While the 12.9-inch tablet’s screen size and resolution haven’t changed since the first model was introduced, the elimination of its Home button means that gestures will require space at the bottom of the screen. Consequently, Apple expects that developers will re-test and update apps as necessary to respect newly defined safe areas, support adaptive layouts, and address other UI issues.
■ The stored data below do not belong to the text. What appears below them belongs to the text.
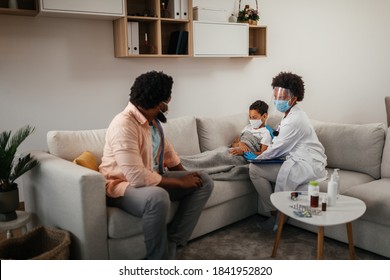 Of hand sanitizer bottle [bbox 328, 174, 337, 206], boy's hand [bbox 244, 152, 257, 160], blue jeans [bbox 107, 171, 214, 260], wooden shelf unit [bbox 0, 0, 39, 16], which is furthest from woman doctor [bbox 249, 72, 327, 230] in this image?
wooden shelf unit [bbox 0, 0, 39, 16]

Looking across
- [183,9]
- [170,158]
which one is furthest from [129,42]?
[170,158]

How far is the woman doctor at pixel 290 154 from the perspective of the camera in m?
2.68

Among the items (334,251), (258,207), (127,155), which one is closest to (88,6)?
(127,155)

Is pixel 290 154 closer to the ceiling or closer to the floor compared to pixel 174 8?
closer to the floor

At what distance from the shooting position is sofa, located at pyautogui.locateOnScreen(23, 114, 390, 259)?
7.04 feet

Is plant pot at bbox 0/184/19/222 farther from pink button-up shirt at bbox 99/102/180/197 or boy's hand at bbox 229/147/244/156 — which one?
boy's hand at bbox 229/147/244/156

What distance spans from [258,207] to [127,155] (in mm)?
1331

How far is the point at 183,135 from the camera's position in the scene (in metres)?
3.21

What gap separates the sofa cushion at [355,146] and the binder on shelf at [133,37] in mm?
1595

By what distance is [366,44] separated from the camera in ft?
16.9

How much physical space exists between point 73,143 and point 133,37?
1.15 m

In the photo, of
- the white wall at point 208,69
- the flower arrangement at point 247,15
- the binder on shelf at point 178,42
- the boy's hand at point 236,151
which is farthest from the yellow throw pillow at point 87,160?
the flower arrangement at point 247,15

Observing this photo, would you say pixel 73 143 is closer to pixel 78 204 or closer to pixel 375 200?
pixel 78 204

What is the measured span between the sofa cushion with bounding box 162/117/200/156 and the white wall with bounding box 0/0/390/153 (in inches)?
27.7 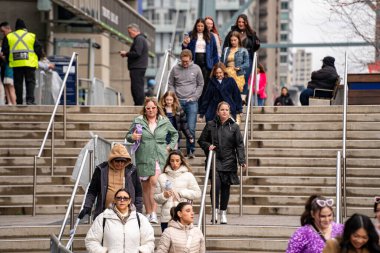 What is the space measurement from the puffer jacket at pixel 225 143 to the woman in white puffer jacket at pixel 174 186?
1828 mm

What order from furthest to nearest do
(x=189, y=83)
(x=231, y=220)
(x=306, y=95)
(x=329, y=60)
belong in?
(x=306, y=95), (x=329, y=60), (x=189, y=83), (x=231, y=220)

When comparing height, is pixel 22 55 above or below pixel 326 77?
above

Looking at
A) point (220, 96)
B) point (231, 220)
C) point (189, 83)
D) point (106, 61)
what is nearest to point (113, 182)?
point (231, 220)

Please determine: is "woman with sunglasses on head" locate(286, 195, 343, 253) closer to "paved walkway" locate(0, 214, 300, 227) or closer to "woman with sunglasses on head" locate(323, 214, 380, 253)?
"woman with sunglasses on head" locate(323, 214, 380, 253)

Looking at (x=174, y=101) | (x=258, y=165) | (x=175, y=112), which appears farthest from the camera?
(x=258, y=165)

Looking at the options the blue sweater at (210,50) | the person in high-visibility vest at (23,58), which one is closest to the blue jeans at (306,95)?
the blue sweater at (210,50)

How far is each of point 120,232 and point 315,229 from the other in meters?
3.08

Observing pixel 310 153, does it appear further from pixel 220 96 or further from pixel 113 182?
pixel 113 182

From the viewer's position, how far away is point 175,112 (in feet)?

A new iPad Pro development video notes that Apple has created a special compatibility mode for the new iPads called “common insets,” creating a unified top-of-screen status bar and bottom-of-screen gesture area for multitasking apps, with left and right window panes inside. Previously, iOS awkwardly left two conflicting status bars next to each other, so this should be a clear improvement for users. The video also discusses how developers can use the second-generation Apple Pencil’s tap gestures, external displays, USB-C support, and Face ID.

Surprisingly, Apple doesn’t appear to have a screen support mandate for the 11-inch iPad Pro, which actually features an all-new screen resolution of 2,388 by 1,668, the widest aspect ratio yet seen on an iPad. Apple says enabling an app to run at full native screen resolution on the new iPad Pro will require the base SDK to be set to iOS 12.1 or later and to have a Launch Storyboard or iPad Pro launch image. It’s unclear how apps made for the 9.7-inch and 10.5-inch iPad Pros will look on the 11-inch display.

Given that the iPhone had its first edge-to-edge screen release in last year’s iPhone X, developers will have no problem targeting the iPhone XS. Depending on how art-heavy their apps are, they may only need to make minor adjustments for the larger-screened iPhone XR and XS Max. The company has a phone-specific design video to help developers, as well.